É certo que, uma vez destituido do cargo de Presidente da República, João Lourenço poderá conduzir os destinos do país por “via remota” usando da sua qualidade de Presidente do MPLA.
Da confortável poltrona do seu gabinete no “Kremilin” (sede do parti do) poderá condicionar a actividade da Vice-Presidente que na verdade fica amarrada à obediência das suas ordens por fidelidade partidária.
Essa situação gerará um efeito de “férias” a João Lourenço que, estando longe do exércicio directo das altas funções de Estado, ganha mais tempo na sua agenda para cuidar dos seus netos e acompanhar a produção da sua fazenda.

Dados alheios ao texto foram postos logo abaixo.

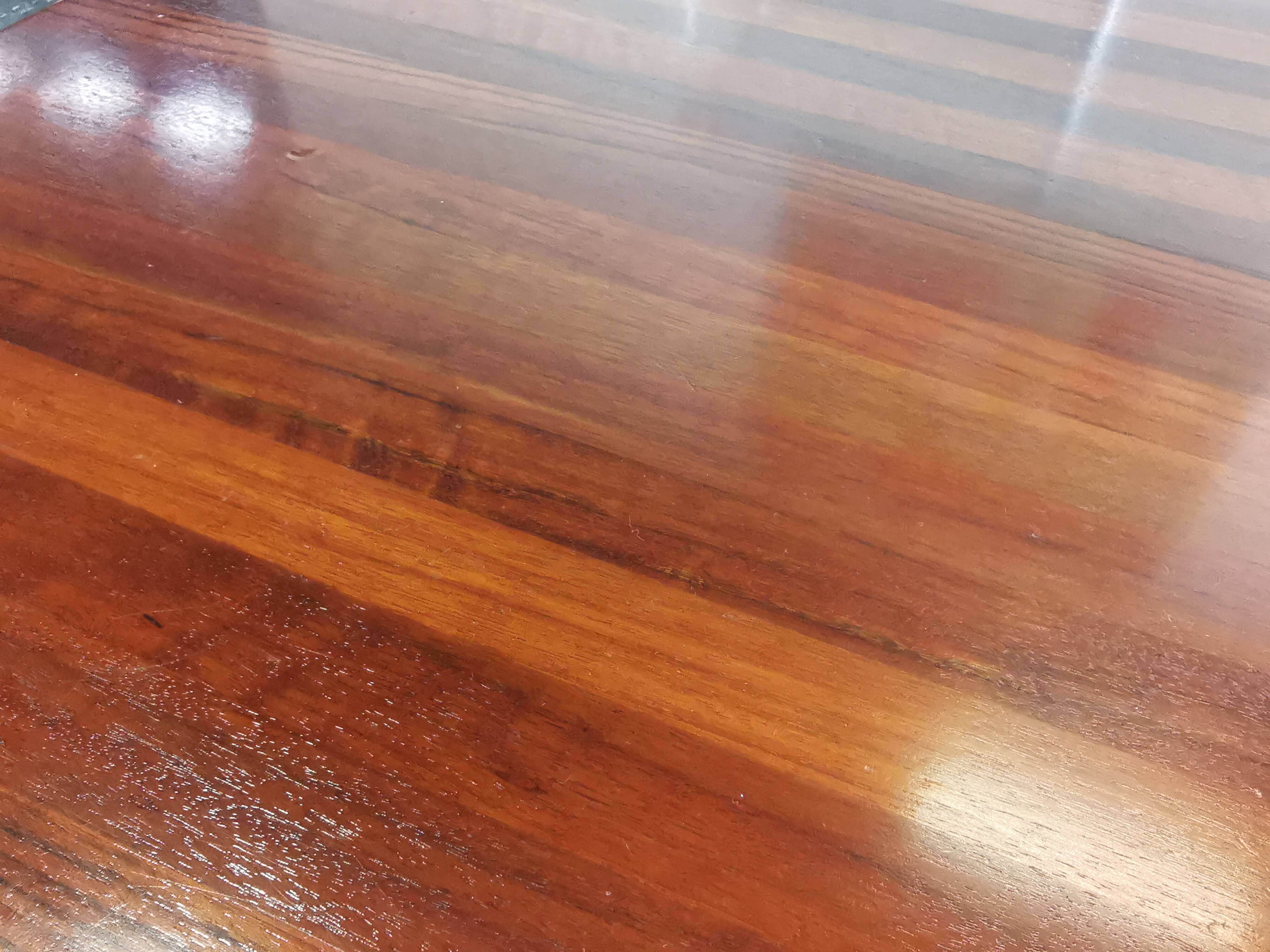 Table basse XL design vintage en bois exotique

Entretanto, o efeito mais marcante da destituição é a impossibilidade de João Lourenço voltar a concorrer a quaisquer outras eleições que venham a ser marcadas no futuro (artº 110º, nº 2, alínea h) da CRA). Ou seja, uma vez destituido, João Lourenço nunca mais poderá voltar a ser Presidente da República por força da actual Constituição da República.
Este efeito “castastrófico” que pode ser gerado pela situação de inelegibilidade superveniente a sua destituição só pode favorecer os militantes do MPLA que desejam “secretamente” substitui-lo promovendo uma nova figura que represente o partido dos camaradas no próximo turno eleitoral.
Diante deste facto, João Lourenço pode estar perante uma trama urdida nas hostes do seu próprio partido e, do mesmo modo, a UNITA pode estar a fazer o trabalho destes “camaradas” descontentes mobilizando os seus militantes e simpatizantes para este objectivo.
Desde logo, a fileira cerrada pelos deputados do MPLA à volta do seu líder, tentando afastar o espectro do pedido da sua destituição, pode ser uma falsa onda de solidariedade.
Para afastar a fumaça de suspeições sobre os possíveis efeitos adversos desta onda de solidariedade, João Lourenço precisa testar a fidelidade dos deputados do seu partido, esperando que reafirmem o apoio ao seu mandato no momento em que for votada a iniciativa da sua destituição do cargo de Presidente da República uma vez formalizada a iniciativa pela UNITA junto da Assembleia Nacional.
Aliás, sendo exigido que a iniciativa de destituição seja votada por pelo menos 2/3 dos deputados à Assembleia Nacional, que se traduz num mínimo de 146 deputados, impõe-se que o próprio MPLA participe, activamente, da sua votação para que o processo de destituição inicie junto do tribunal competente de acordo com a natureza dos actos impugnados.
O que quer dizer que a fase da votação da iniciativa de destituição do Presidente da República é um momento decisivo para testar essa fidelidade junto da bancada do MPLA e eliminar o fantasma da perseguição contra João Lourenço dentro das próprias fileiras partidárias dos “camaradas” que pode estar por destrás desta iniciativa.
Ao analizarmos a iniciativa da UNITA pelo ângulo de uma teoria da conspiração dentro do próprio MPLA, pode-se concluir que a obsessão do maior partido da oposição em destituir João Lourenço pode não ser tão irreflectida assim como se vem julgando.